Find the line that contains "Kit Arrastre Ns" in the entries below. Restate it and every line after it, word for word, with no pictures.
[Start of Attachment]
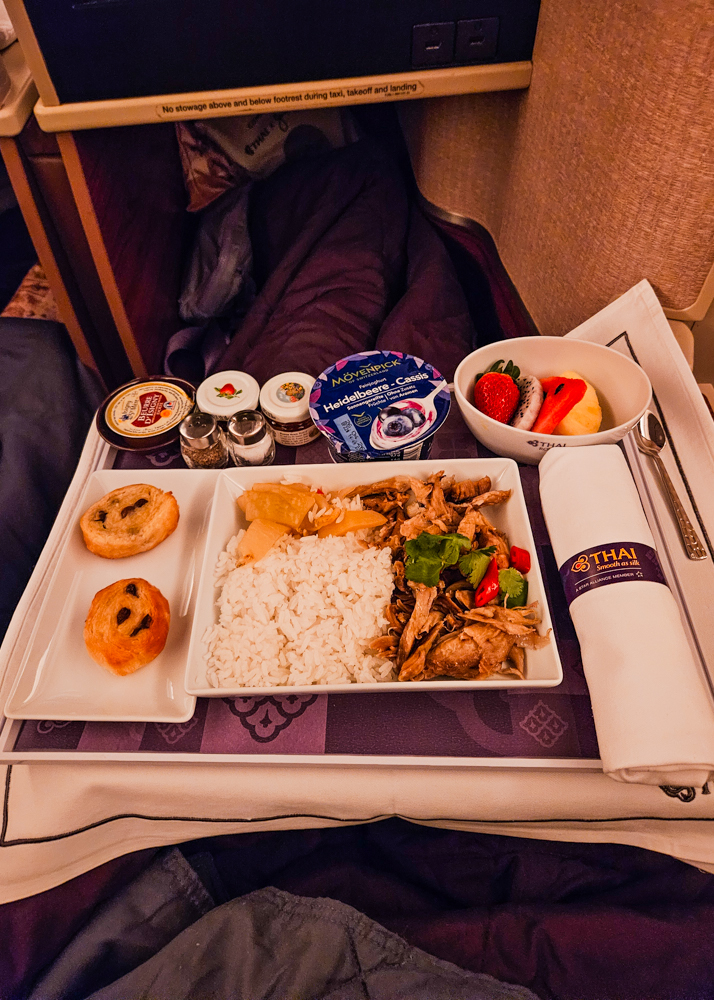 Thai Airways Business Class Thai Breakfast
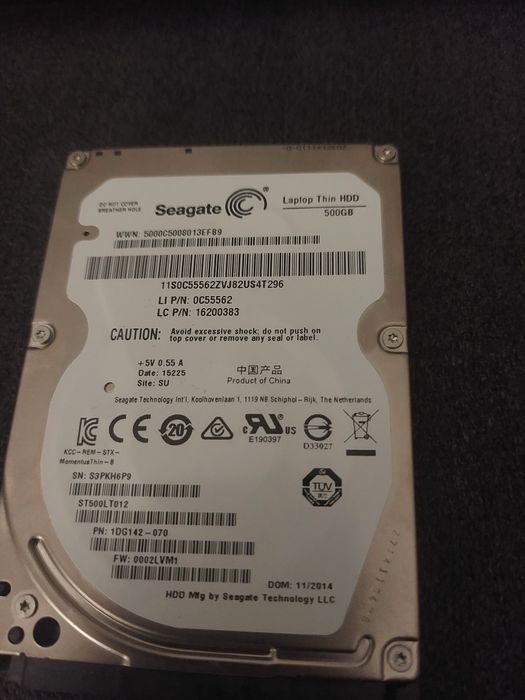 Dysk wewnetrzny HDD- 500 GB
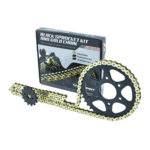 Kit Arrastre Ns 200 Cadena Dorada Reforzado Fire Parts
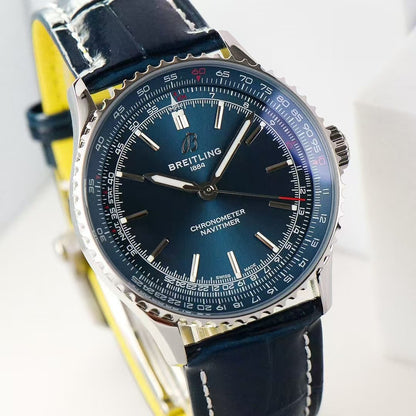 Navitimer 1 2024 41mm Date SS/LE Blue Dial TF A2824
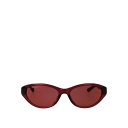 バレンシアガ Balenciaga Sunglasses BB0404SK003 Women サングラス・アイウェア Red 58 【送料無料・関税込】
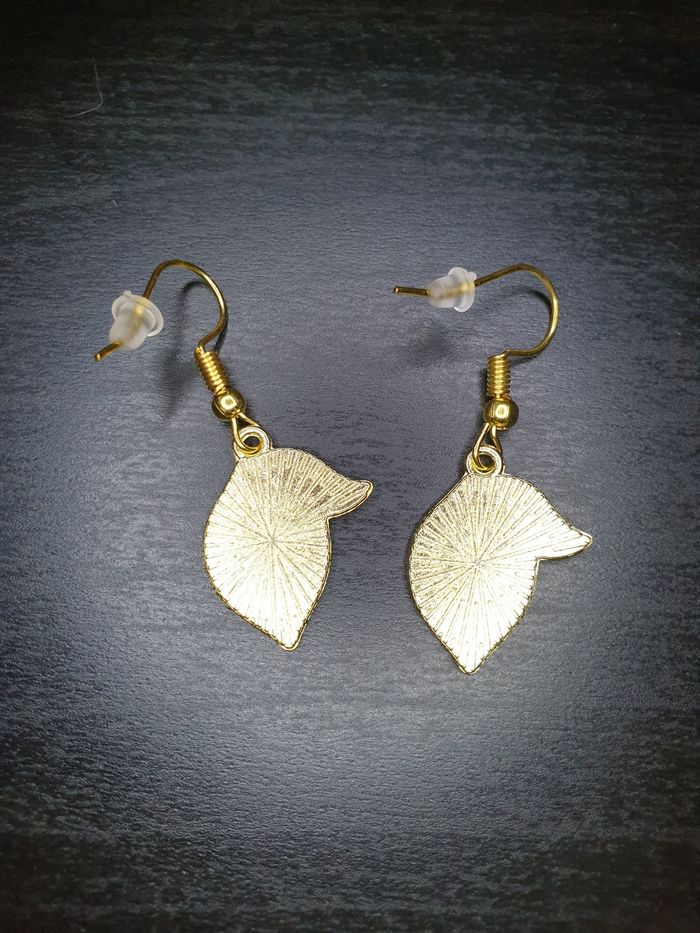 Boucles d'oreilles "Citron" - photo numéro 2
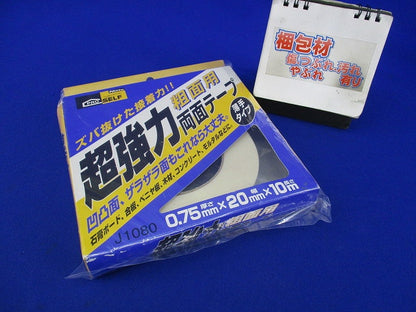 超強力両面テープ 粗面用 薄手タイプ J1080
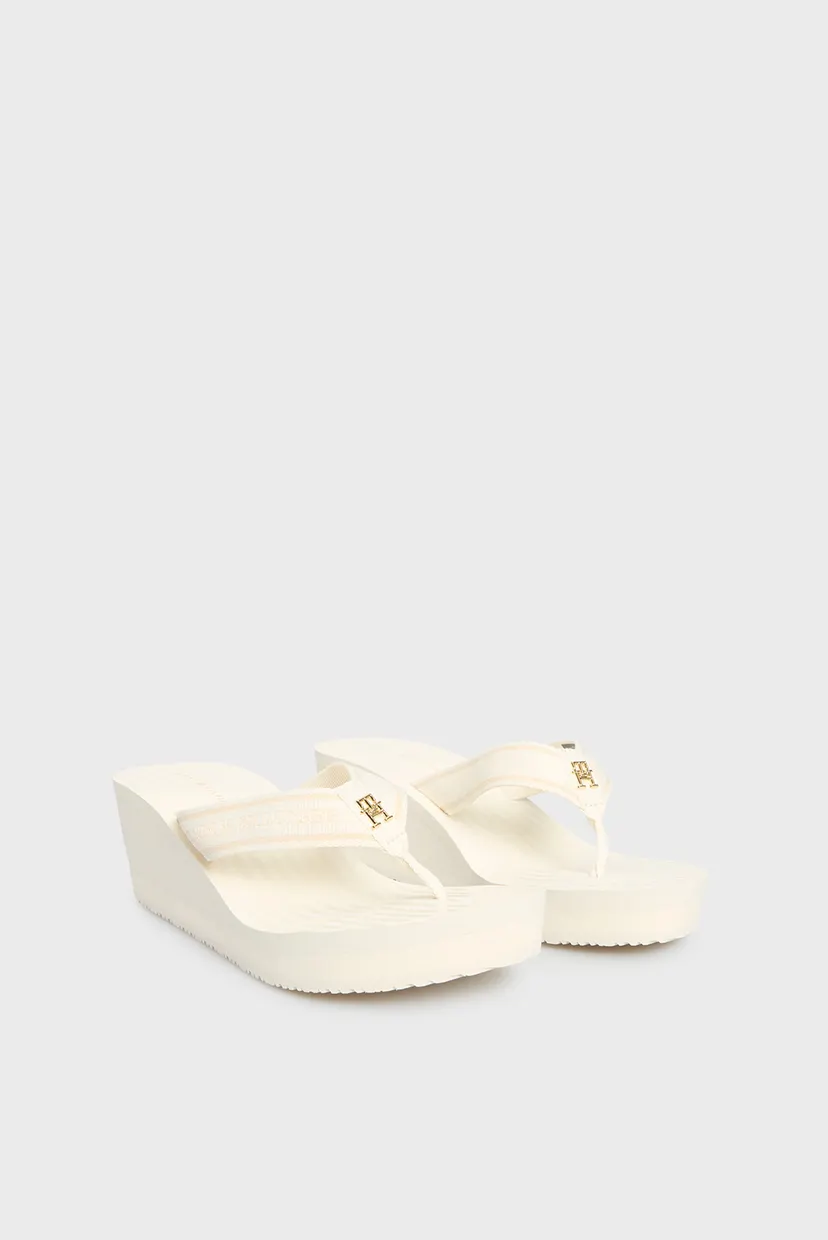 Женские белые вьетнамки TH STRIPES WEDGE BEACH SANDAL 3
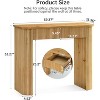 Tribesigns Solid Wood Fluted Console Table with Drawers, 39" Modern Compact Entryway Sofa Table for Small Space, Living Room, Hallway, Foyer, Oak - 2 of 4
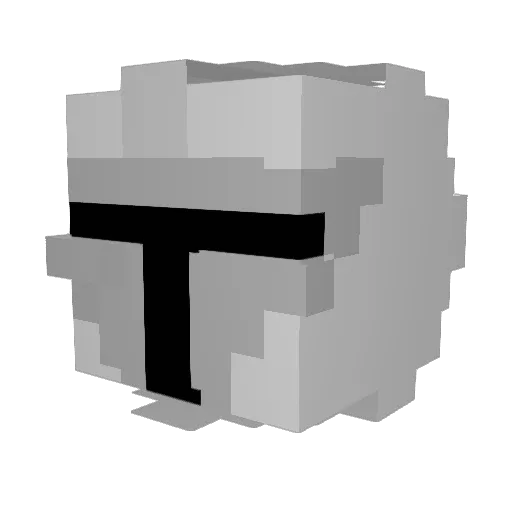 CoalBurn_ Minecraft avatar head, 3D render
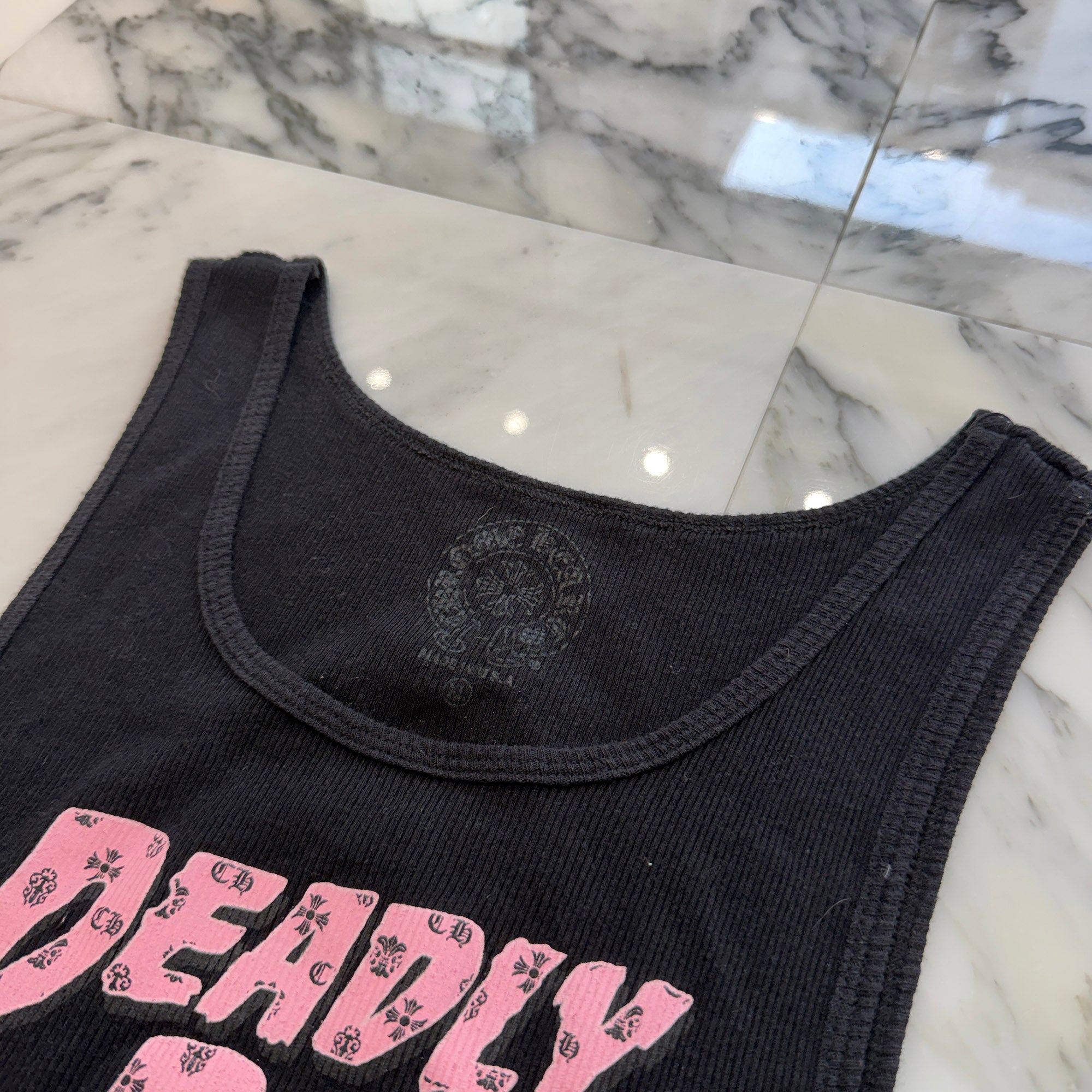 CHROME HEARTS × Deadly Doll Tank Top Dress Size XL クロムハーツ × デッドリードール タンクトップ ワンピース サイズXL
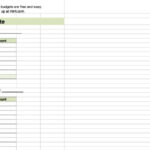 Married Couple Budget Spreadsheet Throughout 15 Easytouse Budget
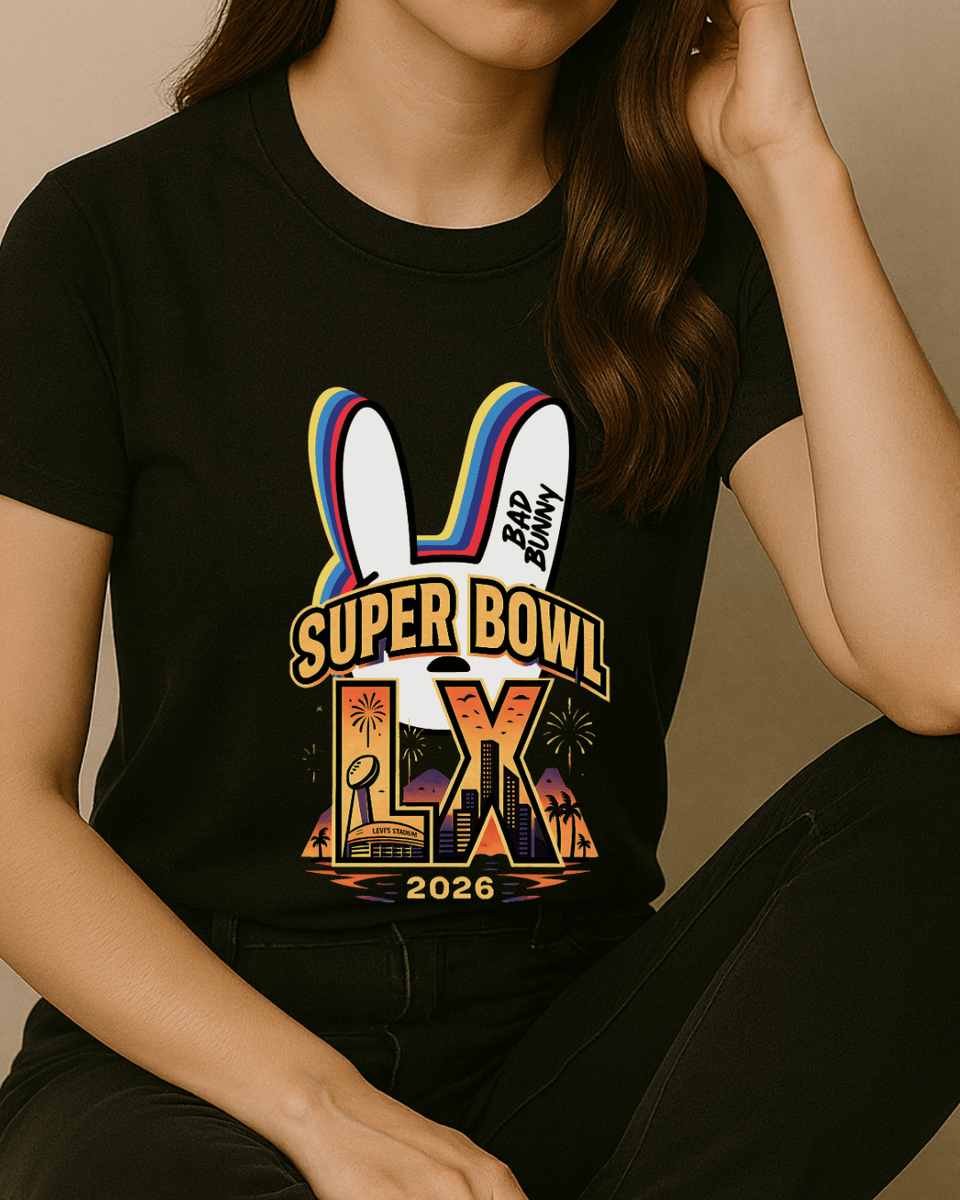 Bad Bunny Super Bowl LX 2026 T-Shirt - Black
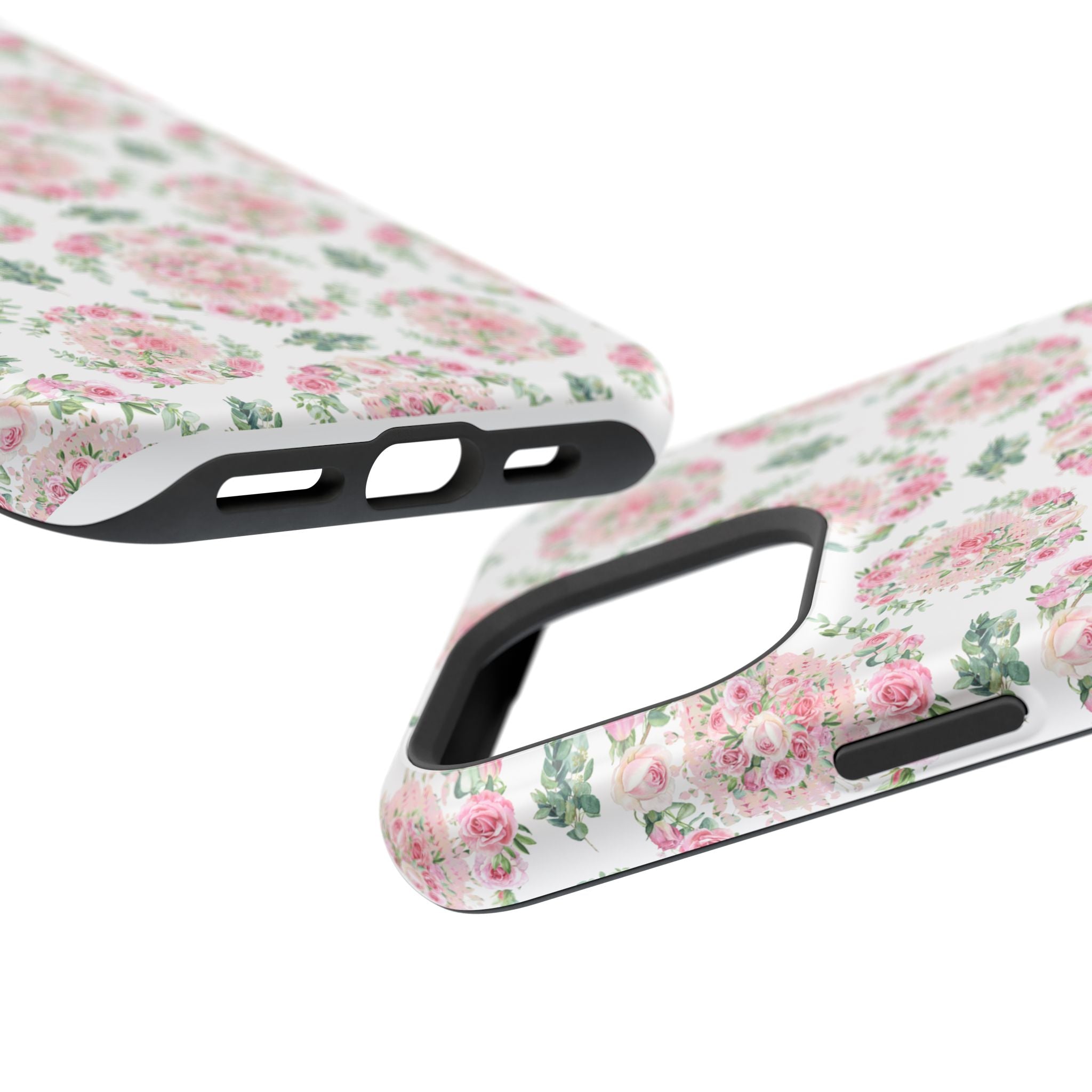 Customizable: Floral Impact-Resistant Phone Case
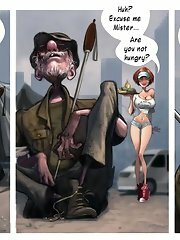 Jaguar comic Dirty homeless needs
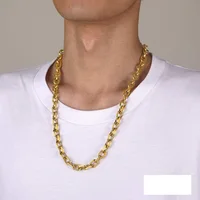 Chaîne O en acier inoxydable pour hommes et femmes, collier Rolo pour pendentif, couleur or/argent/noir, lien de câble, cadeau 2mm 3mm 4mm 5mm 6mm de large 3
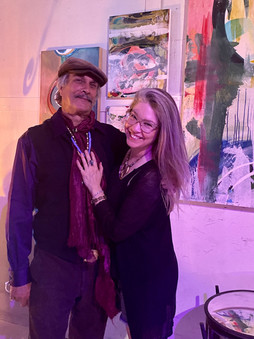 Artists Sean Guerrero and Robin Arthur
[End of Attachment]
▶ **Completed task**:
 Kit Arrastre Ns 200 Cadena Dorada Reforzado Fire Parts
 Navitimer 1 2024 41mm Date SS/LE Blue Dial TF A2824
 バレンシアガ Balenciaga Sunglasses BB0404SK003 Women サングラス・アイウェア Red 58 【送料無料・関税込】
 Boucles d'oreilles "Citron" - photo numéro 2
 超強力両面テープ 粗面用 薄手タイプ J1080
 Женские белые вьетнамки TH STRIPES WEDGE BEACH SANDAL 3
 Tribesigns Solid Wood Fluted Console Table with Drawers, 39" Modern Compact Entryway Sofa Table for Small Space, Living Room, Hallway, Foyer, Oak - 2 of 4
 CoalBurn_ Minecraft avatar head, 3D render
 CHROME HEARTS × Deadly Doll Tank Top Dress Size XL クロムハーツ × デッドリードール タンクトップ ワンピース サイズXL
 Married Couple Budget Spreadsheet Throughout 15 Easytouse Budget
 Bad Bunny Super Bowl LX 2026 T-Shirt - Black
 Customizable: Floral Impact-Resistant Phone Case
 Jaguar comic Dirty homeless needs
 Chaîne O en acier inoxydable pour hommes et femmes, collier Rolo pour pendentif, couleur or/argent/noir, lien de câble, cadeau 2mm 3mm 4mm 5mm 6mm de large 3
 Artists Sean Guerrero and Robin Arthur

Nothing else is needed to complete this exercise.